PROBLEM DESCRIPTION
What is needed is an exact transcription of every entry below, with the pictures left out.

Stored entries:
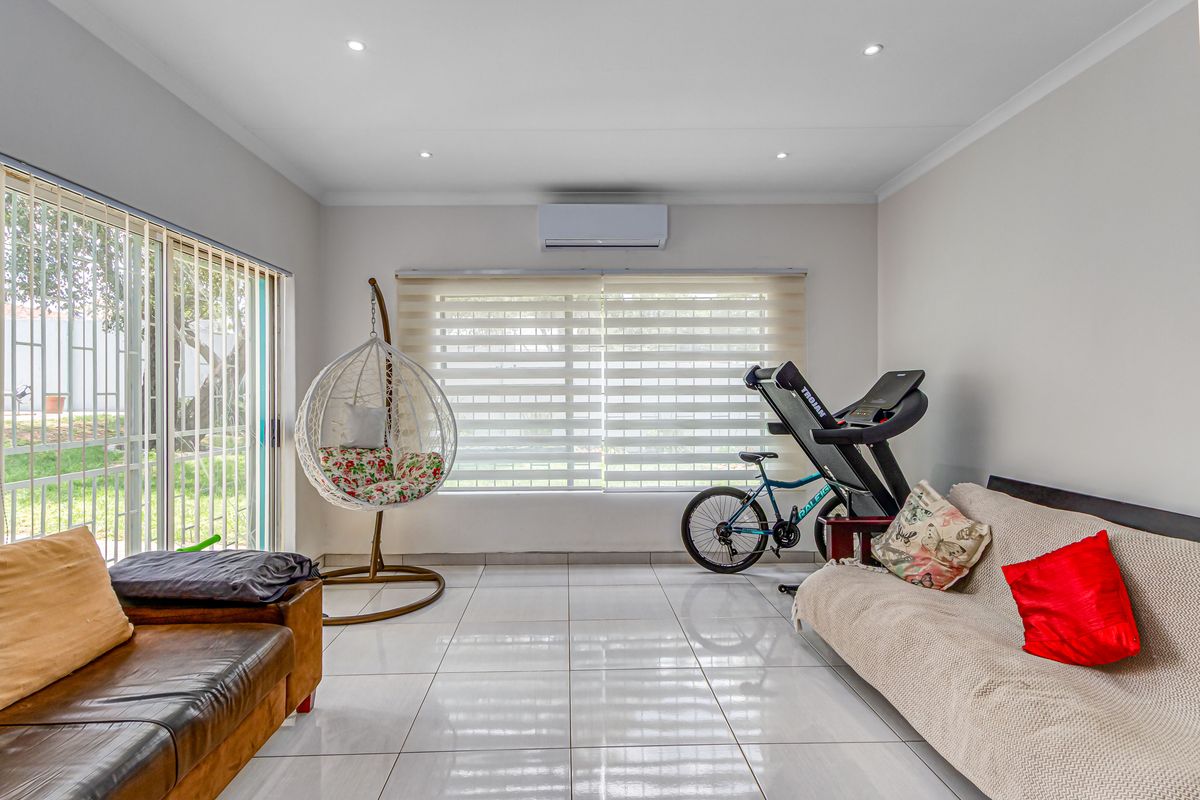 ✨ Modern 3.5-Bedroom Home for Sale | Secure Small Estate | Kelvin ✨ - Photo 4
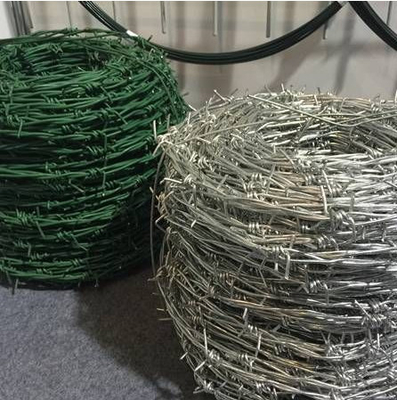 15mm-30mm ha galvanizzato il rotolo pungente del recinto di filo metallico del rasoio 5-50kg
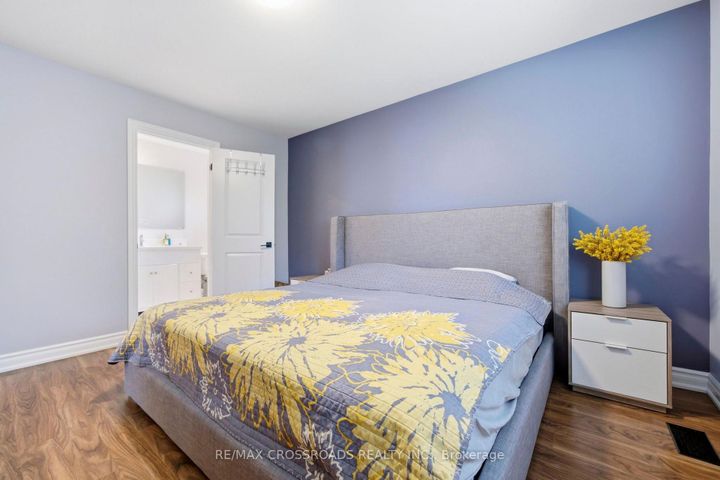 Photo 20 at 23 Chaldean Street, L'Amoreaux, Toronto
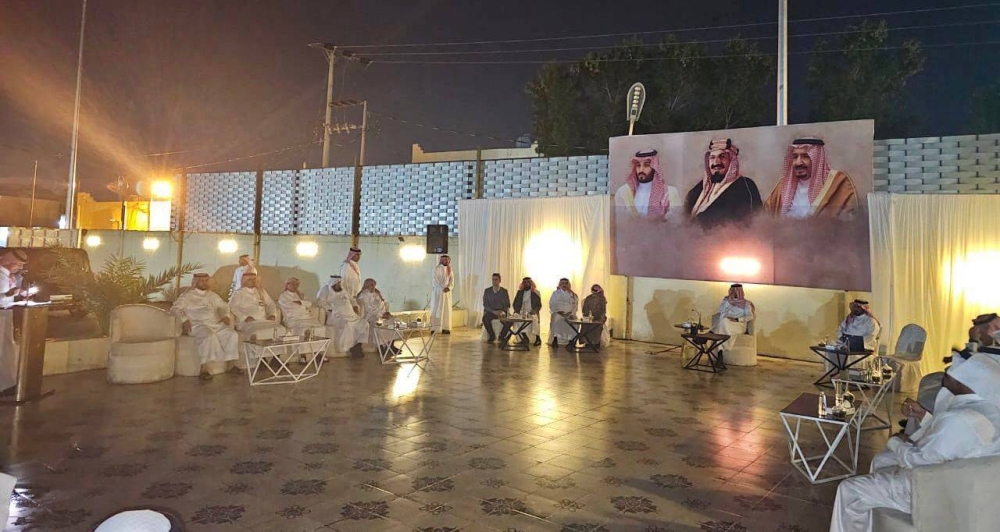 أمير عسير يُنهي خلافاً بين أسرتين دام 13 عاماً
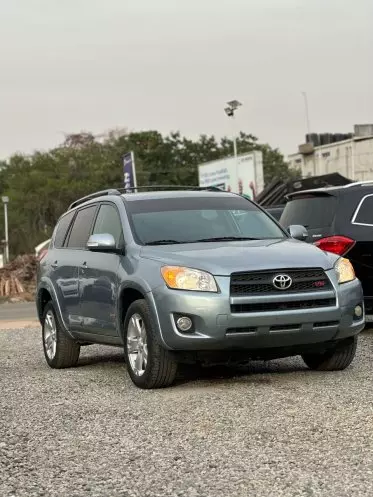 Toyota RAV 4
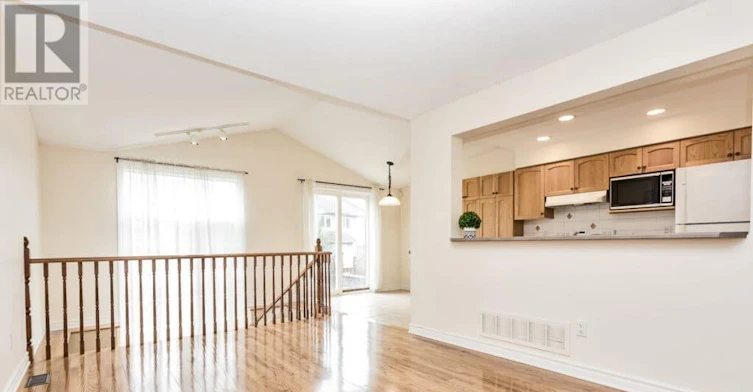122 Saddlesmith Circle, Ottawa, ON, K2M 2Y6 - 8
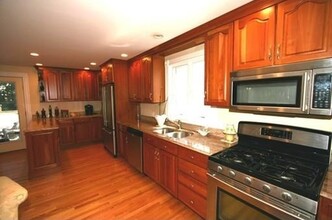 10 Greenleaf Ave in Medford, MA - Foto de edificio - Building Photo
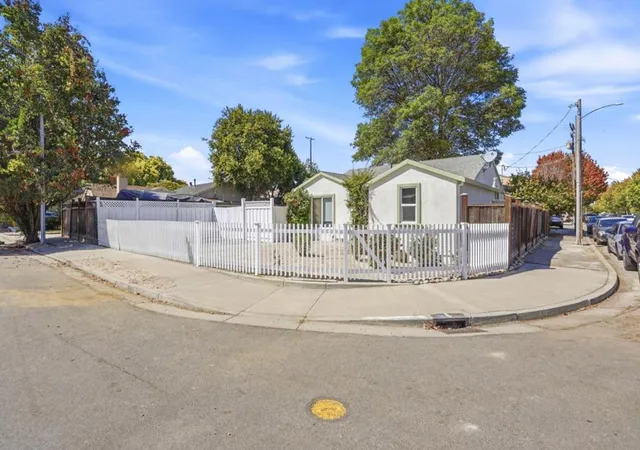 Photo 2 of Single family home for sale at 1001 Obrien Ct, San Jose, CA 95126 | MLS# ML82058246 | Listing updated on 2026-10-12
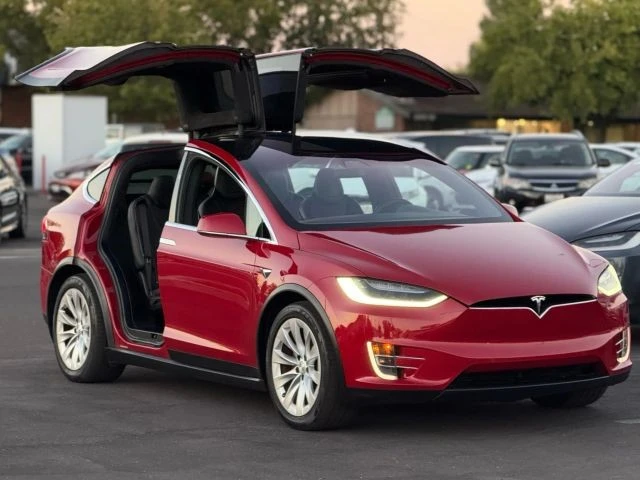 2017 Tesla Model X - Image 10 of 21
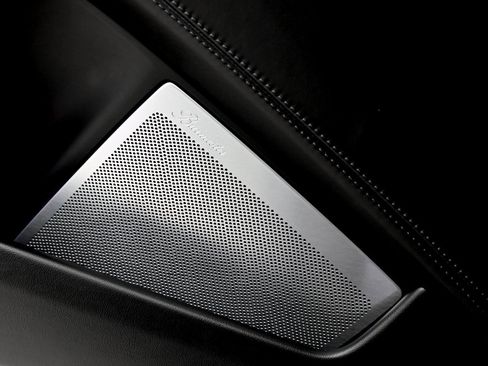 Used 2023 Porsche 911 Turbo S image 25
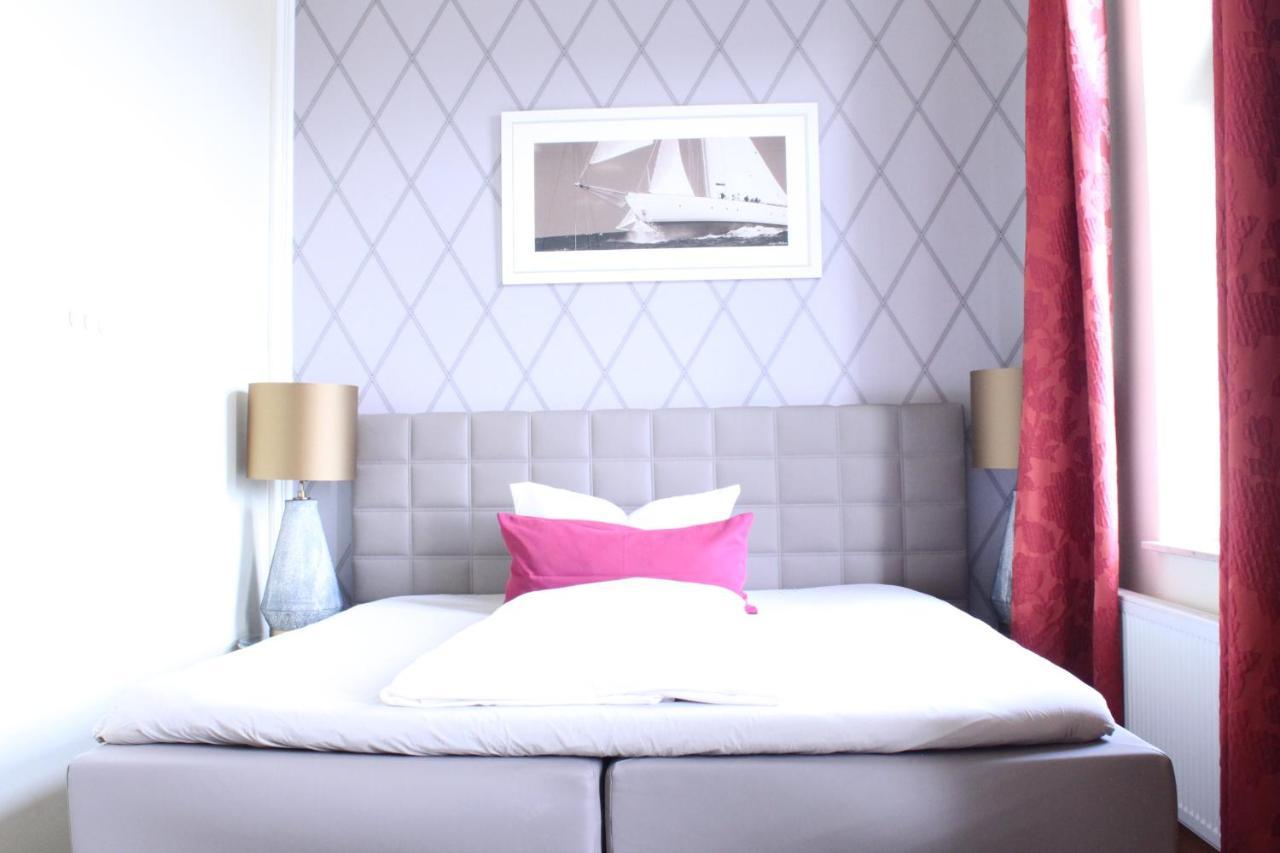 Sommer Hotel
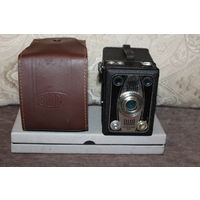 Фотоаппарат Bilora Standard Box 6X9 Synchro-Flash, затвор рабочий, 1950-е года.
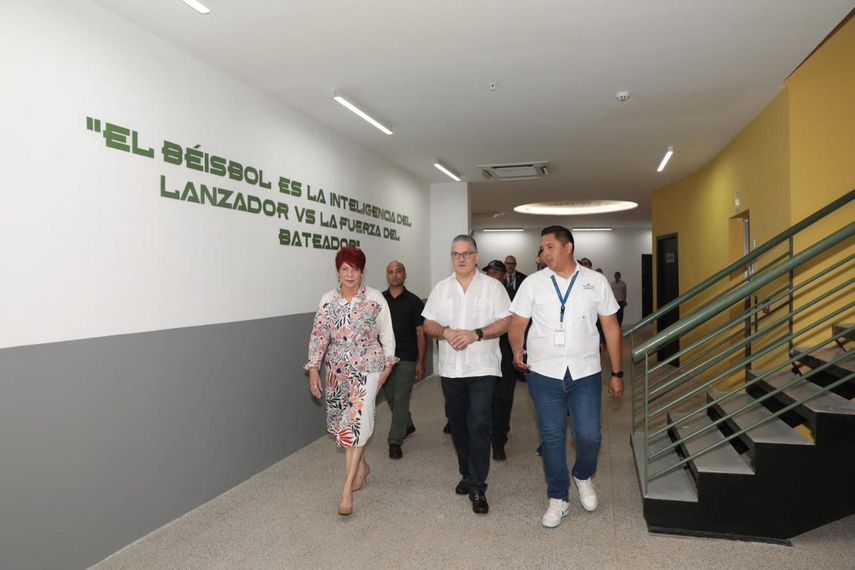 Orillac reconoció que este estadio de La Chorrera, que cuenta con capacidad para 14 mil espectadores. Orillac reconoció que este estadio de La Chorrera, que cuenta con capacidad para 14 mil espectadores.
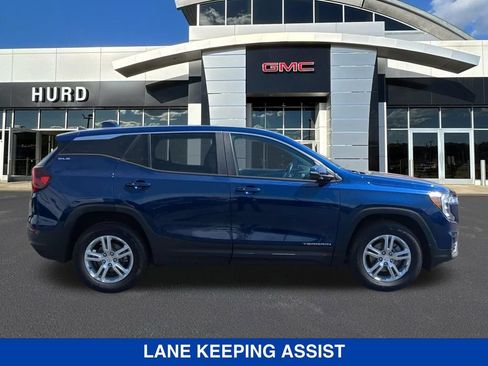 Certified 2023 GMC Terrain SLE AWD/4WD image 3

SOLUTION FOR THIS EXERCISE
 ✨ Modern 3.5-Bedroom Home for Sale | Secure Small Estate | Kelvin ✨ - Photo 4
 15mm-30mm ha galvanizzato il rotolo pungente del recinto di filo metallico del rasoio 5-50kg
 Photo 20 at 23 Chaldean Street, L'Amoreaux, Toronto
 أمير عسير يُنهي خلافاً بين أسرتين دام 13 عاماً
 Toyota RAV 4
122 Saddlesmith Circle, Ottawa, ON, K2M 2Y6 - 8
 10 Greenleaf Ave in Medford, MA - Foto de edificio - Building Photo
 Photo 2 of Single family home for sale at 1001 Obrien Ct, San Jose, CA 95126 | MLS# ML82058246 | Listing updated on 2026-10-12
 2017 Tesla Model X - Image 10 of 21
 Used 2023 Porsche 911 Turbo S image 25
 Sommer Hotel
 Фотоаппарат Bilora Standard Box 6X9 Synchro-Flash, затвор рабочий, 1950-е года.
 Orillac reconoció que este estadio de La Chorrera, que cuenta con capacidad para 14 mil espectadores. Orillac reconoció que este estadio de La Chorrera, que cuenta con capacidad para 14 mil espectadores.
 Certified 2023 GMC Terrain SLE AWD/4WD image 3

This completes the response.